II. Pembahasan Bahan dasar mejejahitan adalah berupa daun-daunan, misalnya janur (daun kelapa muda), slepan (daun kelapa tua), daun pisang, ambu (daun enau muda), sedangkan daun enau yang tua disebut ron, dan daun ental. Bahan-bahan inilah yang paling dominan dipergunakan untuk mejejahitan disamping tentu saja bahan-bahan lainnya. Kemudian alat untuk menjahit dan merangkai bahan dasar tersebut adalah semat atau biting. Alat yang lain untuk menuas janur atau daun adalah pisau. Adapun wacana procedural yang akan dibahas adalah cara mejejahitan untuk membuat Sampian Sesayut dan petunjuk metanding Banten Soda (ajuman). Kedua jenis wacana dalam bahasa Indonesia ini diuraikan tentang struktur dan pola bahasanya sebagai suatu wacana prosedural yang dibuat untuk memberi instruksi atau petunjuk kepada pembacanya untuk membuat sebuah sarana upakara yang dimaksud. 2.1 Mejejahitan Dalam mejejahitan ini akan dibahas salah satu contohnya yaitu merangkai janur untuk membuat Sampian Sesayut, sebagai berikut: SAMPIAN SESAYUT Sampian ini memiliki bentuk yang hampir sama dengan Sampian Plaus yang kedua tangkihnya digabungkan. Cara membuatnya sama seperti sampian Sesayut menggunakan nampan atau nyiru, hanya saja sesayut ini berbentuk tamas. - Pertama-tama janur dipotong menjadi 2 buah, kedua potongan janur tersebut dilipat dan lidi bagian atasnya dibuang. (Gb. 1.1.5.1.a) - Selanjutnya pada ujung janur yang lidinya dibuang kemudian dituas berbentuk segitiga seperti pada gambar. (Gb. 1.1.5.1.b) - Setelah itu dibentuk tangkih keduanya. (Gb. 1.1.5.1.c) - Kedua tetuasan yang sudah berbentuk tangkih kemudian digabung sehingga berbentuk Sampian Sesayut. (Gb. 1.1.5.1.d dan Gb. 1.1.5.1.e) Sebelum diletakkan pada banten, janur diisi porosan, bunga dan kembang rampe.
2.1.1 Struktur Teks
Teks diatas adalah sebuah wacana prosedural yang bertujuan untuk membimbing pembaca dalam membuat sarana upakara yang disebut sampian sesayut dengan memberikan langkah-langkah yang berurutan. Jika dilihat dari strukturnya, teks ini terdiri dari beberapa bagian yaitu : 1) Judul Pada wacana di atas, bagian ini bertuliskan SAMPIAN SESAYUT. Judul sangat mudah dikenali yaitu terletak di bagian paling atas dari wacana yang ditulis dengan huruf kapital dan dicetak tebal untuk lebih cepat menarik perhatian pembacanya sehingga dapat dengan mudah ditemukan. Judul ini juga sekaligus merupakan tujuan yang ingin dicapai yaitu bagaimana membuat atau merangkai janur sehingga membentuk apa yang dinamakan Sampian Sesayut.

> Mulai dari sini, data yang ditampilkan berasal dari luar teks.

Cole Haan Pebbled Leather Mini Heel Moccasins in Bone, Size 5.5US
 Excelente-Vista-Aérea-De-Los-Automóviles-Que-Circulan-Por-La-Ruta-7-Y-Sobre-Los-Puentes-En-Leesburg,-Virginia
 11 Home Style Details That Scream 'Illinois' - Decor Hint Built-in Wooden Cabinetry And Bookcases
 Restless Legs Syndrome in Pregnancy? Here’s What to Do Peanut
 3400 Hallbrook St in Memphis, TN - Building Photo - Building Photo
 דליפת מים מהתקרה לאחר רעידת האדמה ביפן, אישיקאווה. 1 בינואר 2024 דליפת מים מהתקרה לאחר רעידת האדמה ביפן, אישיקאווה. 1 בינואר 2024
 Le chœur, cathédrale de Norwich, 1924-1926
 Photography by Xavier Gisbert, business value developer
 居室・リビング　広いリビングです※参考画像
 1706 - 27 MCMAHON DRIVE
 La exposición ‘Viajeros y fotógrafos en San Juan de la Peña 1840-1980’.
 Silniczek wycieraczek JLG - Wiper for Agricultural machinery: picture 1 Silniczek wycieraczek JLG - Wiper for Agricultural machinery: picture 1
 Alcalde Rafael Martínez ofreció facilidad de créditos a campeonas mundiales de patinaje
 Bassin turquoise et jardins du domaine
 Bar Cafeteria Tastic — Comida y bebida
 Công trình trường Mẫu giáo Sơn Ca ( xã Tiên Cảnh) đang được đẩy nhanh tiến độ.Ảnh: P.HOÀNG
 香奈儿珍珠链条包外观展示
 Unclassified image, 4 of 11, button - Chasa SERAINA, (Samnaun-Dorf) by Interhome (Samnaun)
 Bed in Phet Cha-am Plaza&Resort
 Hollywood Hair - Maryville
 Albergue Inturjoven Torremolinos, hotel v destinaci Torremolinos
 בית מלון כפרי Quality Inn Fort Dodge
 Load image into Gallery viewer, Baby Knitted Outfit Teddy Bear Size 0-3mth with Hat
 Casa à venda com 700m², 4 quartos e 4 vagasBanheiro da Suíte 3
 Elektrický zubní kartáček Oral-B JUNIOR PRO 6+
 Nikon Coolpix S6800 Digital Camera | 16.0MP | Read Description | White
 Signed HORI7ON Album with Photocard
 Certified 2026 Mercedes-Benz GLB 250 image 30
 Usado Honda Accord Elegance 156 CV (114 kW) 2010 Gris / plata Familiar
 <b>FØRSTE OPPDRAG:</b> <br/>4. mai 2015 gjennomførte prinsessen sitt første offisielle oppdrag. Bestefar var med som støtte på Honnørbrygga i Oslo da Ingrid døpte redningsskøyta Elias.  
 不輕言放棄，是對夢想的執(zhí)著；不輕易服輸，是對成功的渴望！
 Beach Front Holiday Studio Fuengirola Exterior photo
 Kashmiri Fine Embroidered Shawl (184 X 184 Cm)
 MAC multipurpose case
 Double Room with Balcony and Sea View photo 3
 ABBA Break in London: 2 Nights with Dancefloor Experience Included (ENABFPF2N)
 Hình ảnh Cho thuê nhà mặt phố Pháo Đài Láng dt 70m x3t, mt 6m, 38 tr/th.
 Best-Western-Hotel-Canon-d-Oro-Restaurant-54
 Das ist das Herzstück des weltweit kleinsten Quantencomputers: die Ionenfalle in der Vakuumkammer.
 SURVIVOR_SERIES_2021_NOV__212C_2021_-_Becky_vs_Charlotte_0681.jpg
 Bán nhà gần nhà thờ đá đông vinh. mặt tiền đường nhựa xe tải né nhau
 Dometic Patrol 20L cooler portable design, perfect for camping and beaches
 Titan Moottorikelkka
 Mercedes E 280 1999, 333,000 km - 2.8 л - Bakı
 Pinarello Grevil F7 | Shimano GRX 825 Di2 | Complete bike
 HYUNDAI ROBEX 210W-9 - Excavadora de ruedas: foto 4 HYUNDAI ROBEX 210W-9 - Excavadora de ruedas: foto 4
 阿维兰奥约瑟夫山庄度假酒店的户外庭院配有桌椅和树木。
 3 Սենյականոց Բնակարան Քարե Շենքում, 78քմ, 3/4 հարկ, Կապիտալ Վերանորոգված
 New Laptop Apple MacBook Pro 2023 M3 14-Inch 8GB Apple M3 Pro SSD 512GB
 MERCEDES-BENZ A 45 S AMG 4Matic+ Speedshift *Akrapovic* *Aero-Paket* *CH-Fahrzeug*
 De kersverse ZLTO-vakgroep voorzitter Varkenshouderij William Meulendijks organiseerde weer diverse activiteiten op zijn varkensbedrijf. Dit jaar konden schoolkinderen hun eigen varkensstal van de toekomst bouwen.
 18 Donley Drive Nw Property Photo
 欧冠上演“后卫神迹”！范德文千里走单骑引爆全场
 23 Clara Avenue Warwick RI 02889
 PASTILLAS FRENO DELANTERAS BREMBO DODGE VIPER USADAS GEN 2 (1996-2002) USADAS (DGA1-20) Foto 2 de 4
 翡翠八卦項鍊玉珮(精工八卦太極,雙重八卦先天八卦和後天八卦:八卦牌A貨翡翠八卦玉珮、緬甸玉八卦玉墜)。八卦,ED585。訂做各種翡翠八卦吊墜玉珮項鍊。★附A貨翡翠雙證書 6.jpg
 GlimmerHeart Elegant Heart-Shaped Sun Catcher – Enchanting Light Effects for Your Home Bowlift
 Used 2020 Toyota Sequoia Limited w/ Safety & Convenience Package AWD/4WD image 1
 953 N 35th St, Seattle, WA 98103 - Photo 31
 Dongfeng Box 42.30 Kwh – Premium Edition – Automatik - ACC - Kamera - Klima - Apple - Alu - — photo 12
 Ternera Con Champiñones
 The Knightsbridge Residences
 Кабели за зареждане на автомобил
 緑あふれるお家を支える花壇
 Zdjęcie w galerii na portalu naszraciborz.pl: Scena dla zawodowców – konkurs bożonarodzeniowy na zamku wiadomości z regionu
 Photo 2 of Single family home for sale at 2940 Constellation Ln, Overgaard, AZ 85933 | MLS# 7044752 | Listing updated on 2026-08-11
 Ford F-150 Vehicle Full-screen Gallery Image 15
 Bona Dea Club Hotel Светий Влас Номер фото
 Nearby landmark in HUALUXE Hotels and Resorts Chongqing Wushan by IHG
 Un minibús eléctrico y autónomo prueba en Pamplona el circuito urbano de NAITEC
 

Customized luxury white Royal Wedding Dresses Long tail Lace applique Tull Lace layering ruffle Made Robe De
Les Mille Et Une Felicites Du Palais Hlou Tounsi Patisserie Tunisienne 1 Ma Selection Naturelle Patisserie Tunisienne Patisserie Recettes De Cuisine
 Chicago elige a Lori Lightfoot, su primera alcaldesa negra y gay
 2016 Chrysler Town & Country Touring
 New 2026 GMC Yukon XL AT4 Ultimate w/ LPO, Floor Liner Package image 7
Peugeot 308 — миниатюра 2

2) Bagian awal Bagian ini dapat dikatakan sebagai bagian pendahuluan karena berisikan informasi mengenai apa itu yang disebut sampian sesayut termasuk bagaimana bentuknya sehingga dengan menyampaikan hal ini pembaca mendapat pengetahuan tentang hal yang ingin dikerjakan. Bagian ini terletak di bawah judul atau pada paragraf pertama dari keseluruhan teks. Bagian awal pada teks diatas terdapat pada kalimat : Sampian ini memiliki bentuk yang hampir sama dengan Sampian Plaus yang kedua tangkihnya digabungkan. Cara membuatnya sama seperti sampian Sesayut menggunakan nampan atau nyiru, hanya saja sesayut ini berbentuk tamas.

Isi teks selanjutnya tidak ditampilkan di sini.